Pertanyaannya adalah, bagaimana? Sebelumnya, Tiongkok membalas dengan tarif resiprokal atas barang-barang dari AS, termasuk produk pertanian dan energi. Namun, Tiongkok hanya mengimpor barang senilai US$ 130 miliar dari AS, sehingga ruang pembalasannya kecil untuk menargetkan ekspor AS.

“Tiongkok kekurangan ruang untuk pembalasan dolar-terhadap-dolar,” kata Cutler. Namun, masih banyak opsi bagi Beijing untuk menimbulkan luka pada Washington, ujarnya.

Tiongkok bisa meningkatkan tarif atas ekspor AS; menunda persetujuan investasi dan merger dari AS; memperlambat proses kepabeanan; atau membeli pesawat, makanan, dan energi dari negara-negara rival AS. Tiongkok bahkan bisa membujuk rakyatnya untuk memboikot sebagian produk AS, seperti yang dilakukannya saat bersengketa dengan Korea Selatan.

“Ada banyak cara di sana,” kata Cutler.

Berimbas ke Politik Dunia
Dan sengketa dagang ini bisa menjalar ke area lain dalam hubungan AS-Tiongkok.
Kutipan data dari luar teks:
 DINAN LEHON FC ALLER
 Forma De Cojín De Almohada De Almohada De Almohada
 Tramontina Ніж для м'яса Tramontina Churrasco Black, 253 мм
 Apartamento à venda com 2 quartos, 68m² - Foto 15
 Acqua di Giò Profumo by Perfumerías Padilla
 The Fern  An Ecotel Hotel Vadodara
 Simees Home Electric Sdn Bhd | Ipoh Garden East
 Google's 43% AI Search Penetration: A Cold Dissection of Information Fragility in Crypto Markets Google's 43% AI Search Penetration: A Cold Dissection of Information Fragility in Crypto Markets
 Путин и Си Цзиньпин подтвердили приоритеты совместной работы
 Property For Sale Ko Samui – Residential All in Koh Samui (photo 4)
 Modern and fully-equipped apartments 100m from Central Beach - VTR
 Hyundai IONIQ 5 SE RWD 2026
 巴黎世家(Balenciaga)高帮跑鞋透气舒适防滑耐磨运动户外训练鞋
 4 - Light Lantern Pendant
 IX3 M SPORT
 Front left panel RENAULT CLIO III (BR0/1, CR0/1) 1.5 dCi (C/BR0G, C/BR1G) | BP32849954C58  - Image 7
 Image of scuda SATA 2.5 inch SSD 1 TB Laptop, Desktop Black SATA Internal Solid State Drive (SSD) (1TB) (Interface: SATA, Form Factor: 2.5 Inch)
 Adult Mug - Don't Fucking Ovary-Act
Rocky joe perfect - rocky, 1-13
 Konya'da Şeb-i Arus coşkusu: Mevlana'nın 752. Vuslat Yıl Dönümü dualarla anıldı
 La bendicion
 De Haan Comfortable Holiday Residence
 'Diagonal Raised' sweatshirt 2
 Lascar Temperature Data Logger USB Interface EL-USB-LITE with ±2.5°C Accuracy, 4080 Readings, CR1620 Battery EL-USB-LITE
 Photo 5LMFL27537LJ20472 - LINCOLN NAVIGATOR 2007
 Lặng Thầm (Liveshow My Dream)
Rosen mengatakan bahwa Beijing bisa berpaling ke taktik "non-ekonomi" sebagai jawaban atas tarif berikutnya dari AS, dan itu berarti melemahnya kerjasama dalam kebijakan luar negeri yang disepakati dua negara.

“Aspek spoiler dari perilaku kebijakan luar negeri Tiongkok bisa meningkat, terutama dalam bidang-bidang yang sangat penting bagi Amerika Serikat,” kata Evan Medeiros, penasihat masalah Asia di era Presiden Barack Obama dan sekarang bekerja di Georgetown University. “Namun itu tidak akan mengganggu kepentingannya sendiri, hanya akan merugikan Amerika Serikat.”

Di daftar teratas adalah Iran dan Korea Utara, dua negara yang diharapkan AS bisa mengubah perilaku dengan diberikan berbagai sanksi. Sudah muncul tanda-tanda bahwa Tiongkok mulai melonggarkan perdagangan antar perbatasan dengan Korea Utara.

Masalah dengan Iran mungkin lebih mengkhawatirkan. AS menginginkan semua negara yang membeli minyak dari Iran untuk mengurangi pembelian secara dramatis pada November. Sebagian besar telah melakukan itu, tetapi Tiongkok -- pembeli terbesar minyak Iran -- mengabaikan permintaan AS dan faktanya bulan lalu membeli minyak mentah dalam jumlah yang mencetak rekor baru.

Ketika itu, Tiongkok menyampaikan ke AS bahwa pihaknya tidak bermaksud meremehkan sanksi atas Iran. Sekarang, dengan makin memanasnya perang dagang, janji itu diragukan.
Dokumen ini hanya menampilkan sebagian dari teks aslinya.